In the first part of this paragraph, I think you are repeating arguments
of Bauer, Pannekoek, perhaps Grossmann. I cannot accept them for reasons
laid out in my paper. In any case, remember than the schemes ASSUME c/v
held constant over the long run (this is Marx himself) and, given that
context, I am not sure what you are saying in the middle portion. As to
Dunayevskaya, she surely does emphasis PRODUCTION of surplus value, not
realization, and I'll be drawing out the implications of that critique.

>(8) The third criticism of the implications of the reproduction schema
>seems to be that they do not incorporate technical innovation (which is
>correct), and (unless I'm mistaken) a suggestion that they couldn't be
>extended to incorporate it. Expanded reproduction could not occur in a
>closed, two-class capitalist nation that undergoes technical change.

>I think part of this is right, at least to some extent. Because the
>schema assume unchanged values, expanded reproduction is *both* physical
>expansion and expansion of value. But if values fall do to technological
>progress, then we need to consider them separately. I'm convinced that
>there is no barrier under the stated conditions to the *physical*
>expansion of the system, taken abstractly. But there is a continuing
>problem of lack of self-expansion of value. As I was suggesting above,
>this can clearly retard investment demand (and consumption demand).
>Again, this appears as a demand problem, but originates on the supply
>side, in the production process.

A number of reviewers of Luxemburg think that she made her most telling
points regarding the role of technical change. I don't. Those who do
seem to me to be doing no more than making a concession to her as they
attempt to demolish the rest of what she did.
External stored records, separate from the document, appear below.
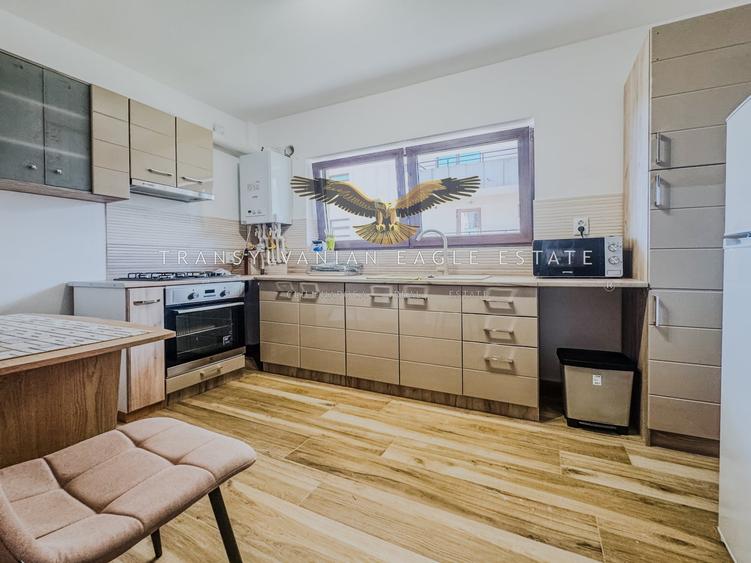 Apartament cu 2 camere semidecomandat, mobilat în Borhanci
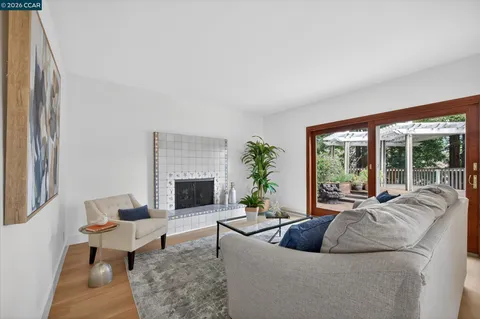 $1,199,000 | 218 Mountaire Circle, Clayton, CA 94517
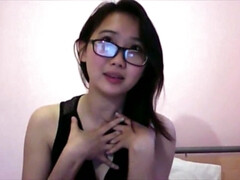 Aziatisch, Brits, Bruinharig, Rondborstig, Schattig, Tiener, Tieten likken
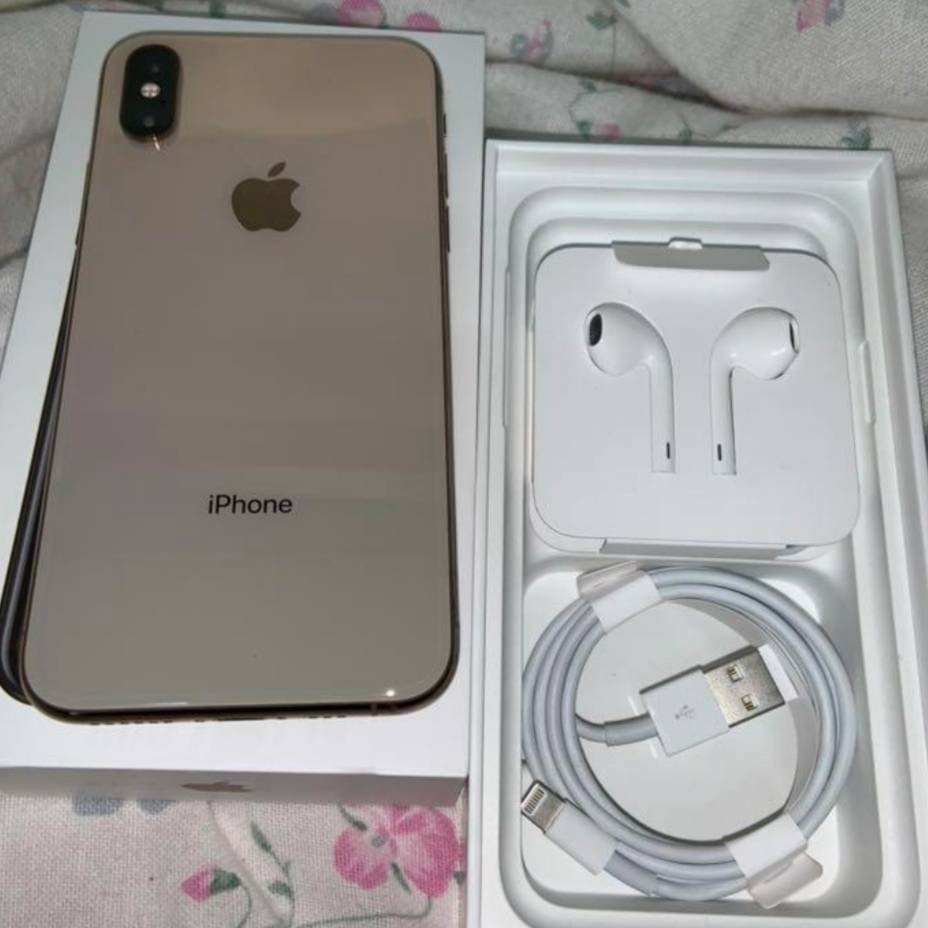 Apple_gets's tweet photo. [プレゼント]
Apple iPhoneXS 256GB　ゴールド SIMフリー🌟

[当選人数]
3名様

[応募期限]
9/20

[応募方法]
フォロー+リツイート🌟
途中で解除は無効となります。

当選者にはDMでお知らせします✨

#iPhoneXS　#Apple https://t.co/hGlWVDnuMk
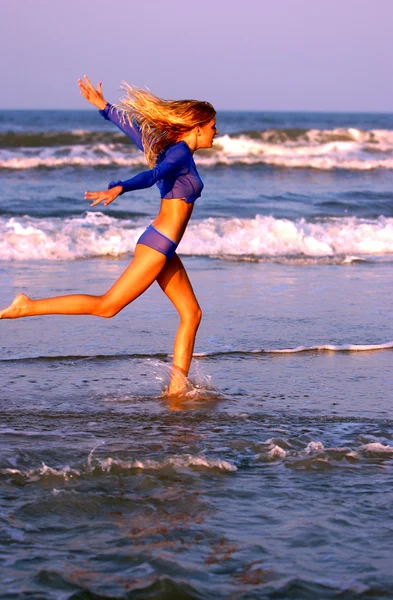 Tanec - cvičení - aerobik - čirá mokré oblečení - ocean beach vlny pozadí — Stock fotografie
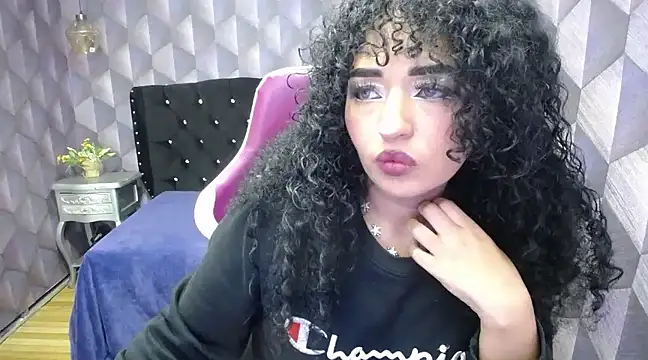 Sofiacowperx online show from January 31, 2025, 3:22 pm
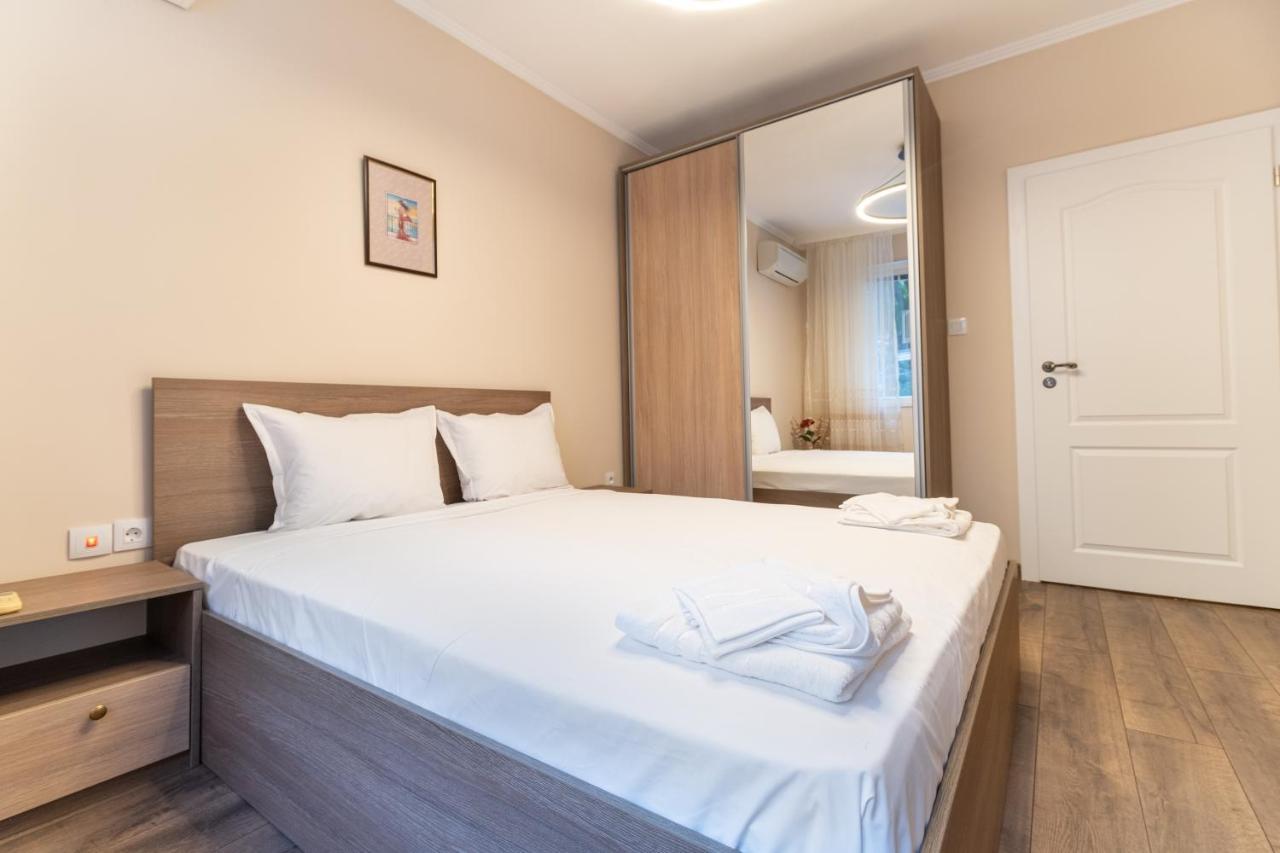 Heart Of The City 2-Bedroom Apartment Plovdiv Exteriér fotografie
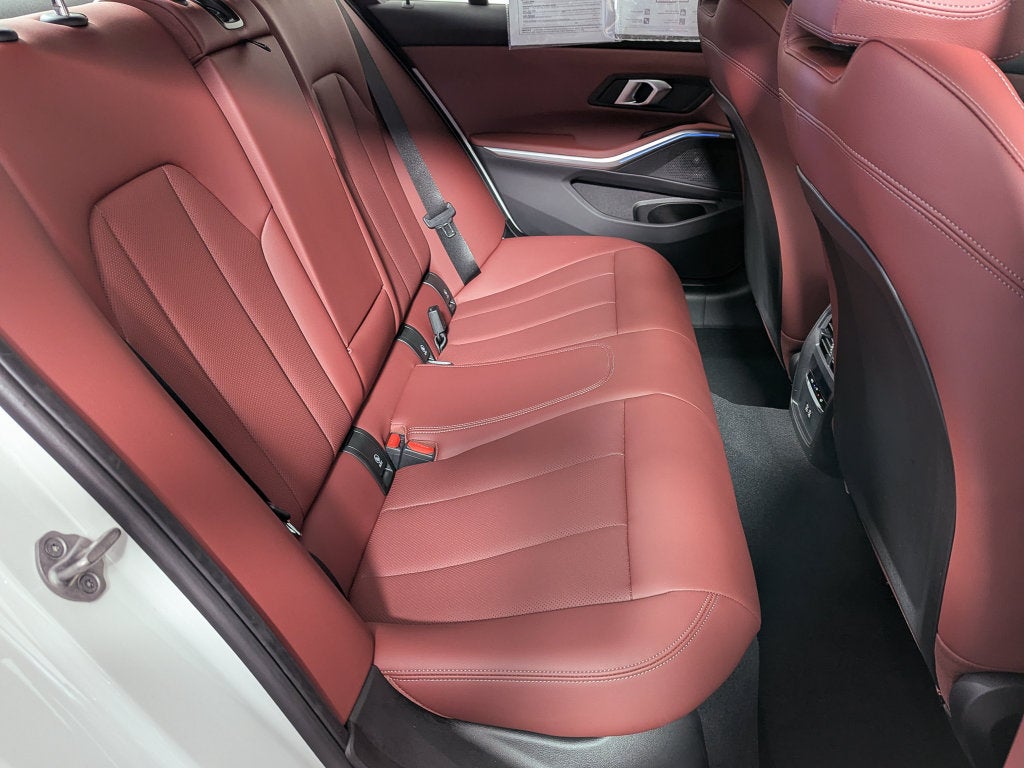 2025 BMW 330i xDrive 330i xDrive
I cannot emphasis enough that here we have perhaps the LONGEST theoretical
work in Marxist political economy -- after Marx himself -- on a single
major topic (Luxemburg's "Accumulation of Capital" is a dense 475 pages),
done with extreme care to address the major theoretical antecedents to the
question, raising major issues, and mostly she has gotten dumped to the
sidelines theoretically. One reason is surely political struggles (right
or wrong) that Luxemburg's whole life generates. But another reason is
that (as it seems to me) reading her "accumulation" work is simply hard
and time-consuming and it is easier to take someone else's word for it
that they have read her correctly that she deserves to be dismissed (e.g.,
by Howard and King's two-volume study of Marxist economics).

Thanks, Andrew, for your comments. Paul Z.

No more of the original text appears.